Pour revenir à la sexualité, toutes les fois qu'elle est régie par la mode consommationnelle - mot que je préfère à "consumériste" trop ambigu - (ici nous évoquons le nombre exponentiel de godemichets et toutes sortes de gadgets sexuels à la mode et donc bénéfiques pour le plus grand profit des industriels et des commerçants) et/ou idéologique selon la weltanschauug sexuelle à la mode dans les médias et chez certains sexologues, c'est l'intimité qui se corrompt en promiscuité via le sexualisme, c'est-à-dire l'idéologie.
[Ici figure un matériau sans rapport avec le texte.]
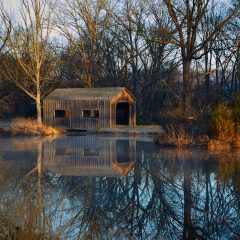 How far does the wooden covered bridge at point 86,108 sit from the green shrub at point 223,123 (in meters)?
15.9

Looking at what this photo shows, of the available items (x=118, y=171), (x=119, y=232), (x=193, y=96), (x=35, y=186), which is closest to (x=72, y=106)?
(x=193, y=96)

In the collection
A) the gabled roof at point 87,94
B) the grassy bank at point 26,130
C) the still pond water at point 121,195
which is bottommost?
the still pond water at point 121,195

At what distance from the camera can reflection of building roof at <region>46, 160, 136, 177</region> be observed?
14472 millimetres

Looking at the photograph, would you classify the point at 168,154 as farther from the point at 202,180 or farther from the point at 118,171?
the point at 202,180

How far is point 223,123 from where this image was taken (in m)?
22.7

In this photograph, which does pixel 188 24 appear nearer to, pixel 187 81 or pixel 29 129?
pixel 187 81

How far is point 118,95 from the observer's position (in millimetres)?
39062

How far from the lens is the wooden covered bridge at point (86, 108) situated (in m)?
38.1

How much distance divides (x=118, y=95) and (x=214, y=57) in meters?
20.9

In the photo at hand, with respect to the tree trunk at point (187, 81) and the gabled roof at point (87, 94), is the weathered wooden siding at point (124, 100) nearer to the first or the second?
the gabled roof at point (87, 94)

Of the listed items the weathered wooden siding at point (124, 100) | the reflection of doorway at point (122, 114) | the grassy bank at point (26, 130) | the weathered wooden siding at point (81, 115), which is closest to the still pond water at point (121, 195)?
Answer: the grassy bank at point (26, 130)

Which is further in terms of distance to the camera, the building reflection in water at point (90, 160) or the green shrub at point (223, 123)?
the green shrub at point (223, 123)

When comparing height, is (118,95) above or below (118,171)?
above

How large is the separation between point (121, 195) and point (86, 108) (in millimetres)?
27601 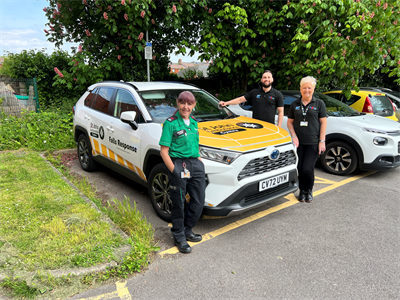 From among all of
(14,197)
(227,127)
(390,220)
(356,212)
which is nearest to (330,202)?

Nous sommes en présence de ce que Artaud appellerait "le corps volé". Moi, je nomme cette inféodation de l'intime par le public, Aliénation de l'Éros; Expropriation somatique; Substitution du corps-icône et corps-objet au Corps réel par la presse dite people ou spécialisée. Cela tient naturellement de la politique de dépossession globale de l'être humain de ses caractéristiques d'humanité de spontanéité, de liberté... Les ombres anthropomorphes ainsi rendues dans le résultat résiduel obtenu, croient agir alors qu'elles sont totalement agies, n'étant même plus choses mais ombres, reflets des cerbères souriants de l'idéologie qui les manipulent par toutes sortes de déviances de leur propre intimité...
 

La mode peut être humaine en certaines circonstances, mais ses excès et son invasion dans l'intimité pour nous dire quoi faire par snobisme, parce que dans l'esprit du temps, sont l'arme des puissants du capital contre les faibles. 
 

La seule mode acceptable en sexualité, est à mon sens, le mode de participation des deux partenaires hétérosexuels partageant au-delà de la fébrilité de l'instant, la plénitude de leur extase amoureuse et la quête commune de l'orgasme comme moyen d'une plénitude commune et intimement vécue. Cela signifie que la beauté de la lingerie ou tout autre gadget pouvant faciliter le plaisir, est souhaitable, pourvu qu'il n'entraîne de la compulsivité ou de la dépendance et serve l'expression d'un érotisme vraiment aimant. D'où, ce qui n'est que sexuel et sans amour, me paraît une sorte de défouloir-vidage, où les organes génitaux deviennent pompes et égouts biologiques qui se débondent platement, objectalement sans élévation ni humanité.  

 

Le seul mode d'emploi libre de la sexualité, est le renvoi implacable de toute mode excentrique et la révision d'un monde répressif qui légifère durement contre la galanterie de l'homme perçue comme agressivité potentielle envers la femme, mais qui vulgairement par intérêt électoraliste et pécuniaire justifie la propagande obscène dans l'espace public au profit des pratiques sexuelles non courantes et minoritaires, telles l'orgie, l'échangisme...

 

La liberté sexuelle ne peut s'accommoder du chantage sexualiste "du tout est culturel" qui rejette toute valeur transcendante et morale, et oublie que le respect de tous dans l'espace public, implique le retrait du sexualisme et de ses propagandes sexuelles dans la société. L'exigence de retenue dans l'espace public ne devrait point laisser faire les exhibitionnistes, sous prétexte de démantèlement du "naturalisme sexuel" dénoncé discriminatoire par quelques-uns pour qui la nature sexuelle des genres et son implication en l'individu sexué, est un mensonge. Vouloir montrer ostensiblement et publiquement, comme c'est la mode pour certaines catégories, l'émancipation et le droit sexuel, est une trahison de la nature intime de la sexualité humaine transformée en spectacle de foire par des dégénérés. 

 

Le droit à la jouissance intime ne peut en aucun cas se positionner dignement dans le déferlement agressant de l'indécence publique au nom de la mode des moeurs comme bannière de libération.